**TASK REQUIREMENTS:**
Word for word, set down the lines from the one that contains "Comfortable men's casual" through the final line of the data; no pictures belong in the copy.

**STORED DATA:**
┌────────

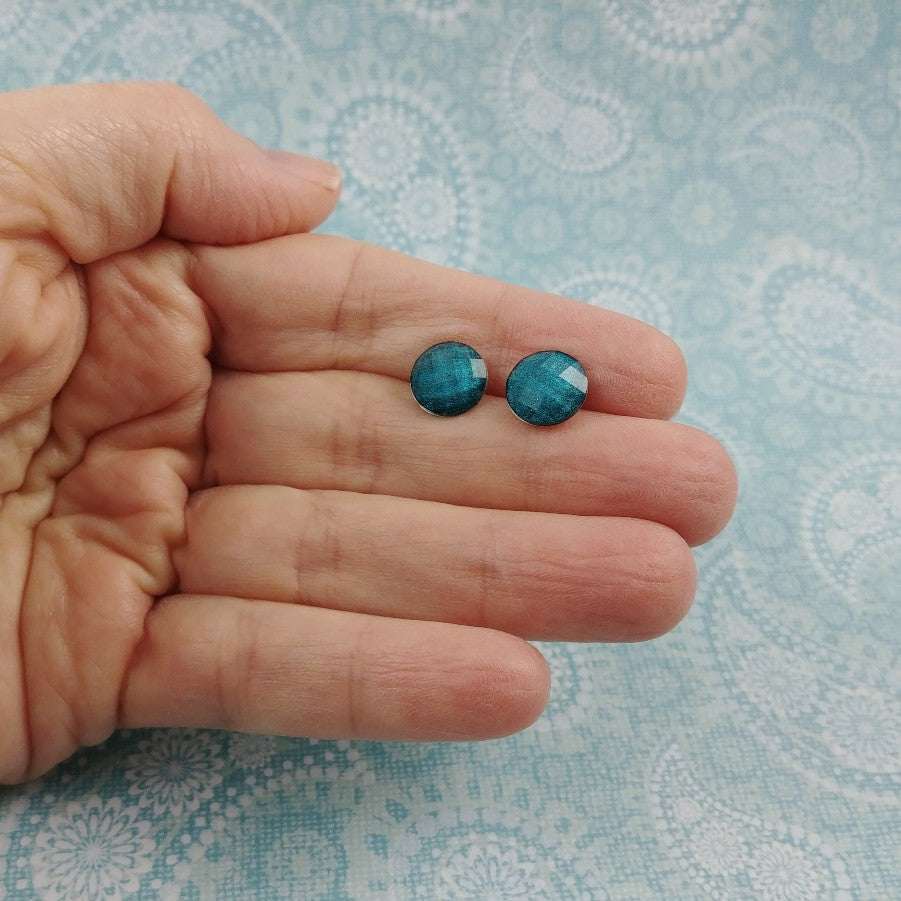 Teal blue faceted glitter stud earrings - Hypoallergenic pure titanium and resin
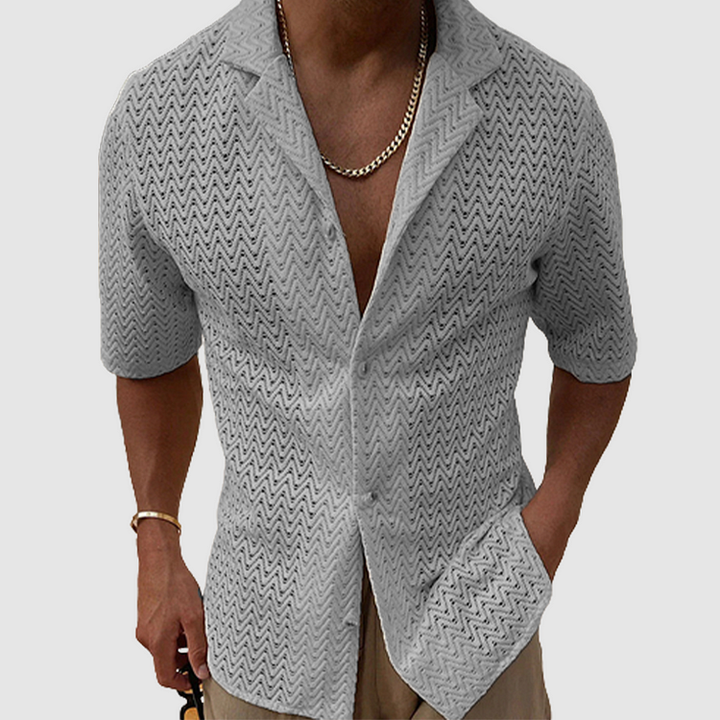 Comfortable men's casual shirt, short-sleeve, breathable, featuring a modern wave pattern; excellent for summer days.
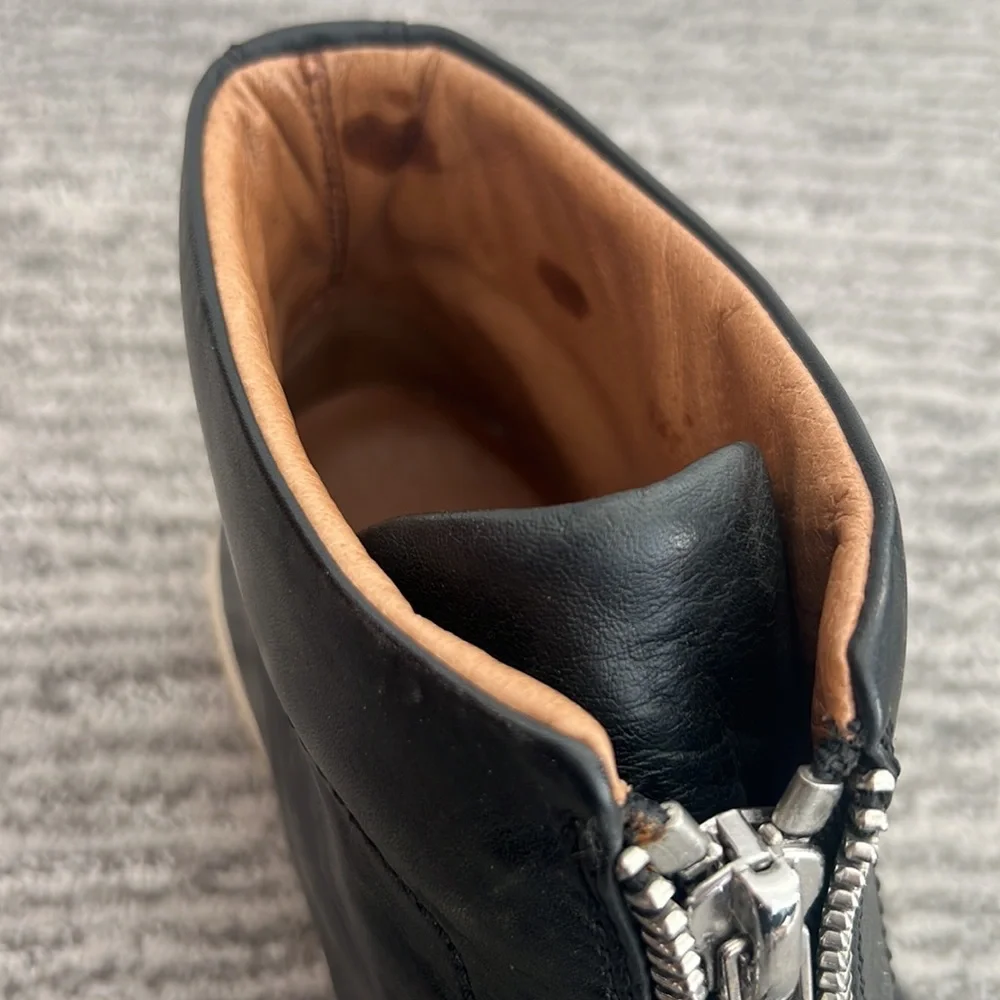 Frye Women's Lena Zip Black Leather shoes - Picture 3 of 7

└────────

**ANSWER TO THIS TASK:**
 Comfortable men's casual shirt, short-sleeve, breathable, featuring a modern wave pattern; excellent for summer days.
 Frye Women's Lena Zip Black Leather shoes - Picture 3 of 7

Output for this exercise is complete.